··· DATA SHOWN ···
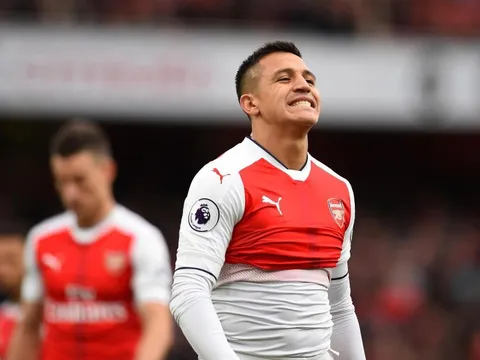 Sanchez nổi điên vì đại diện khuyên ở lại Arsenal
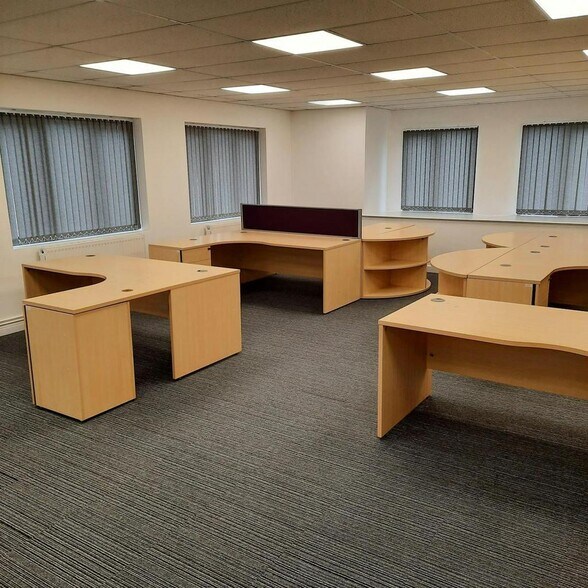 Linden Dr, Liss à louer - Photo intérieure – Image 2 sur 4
···
··· DATA SHOWN ···
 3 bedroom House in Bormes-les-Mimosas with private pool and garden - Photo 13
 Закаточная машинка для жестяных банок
···
*WHAT YOU ARE ASKED TO DO:*
Beginning with the line above that contains "Sanchez nổi điên" and ending with the line that contains "Linden Dr, Liss", quote each line exactly, keeping out the pictures.

*RESPONSE BELOW:*
 Sanchez nổi điên vì đại diện khuyên ở lại Arsenal
 Linden Dr, Liss à louer - Photo intérieure – Image 2 sur 4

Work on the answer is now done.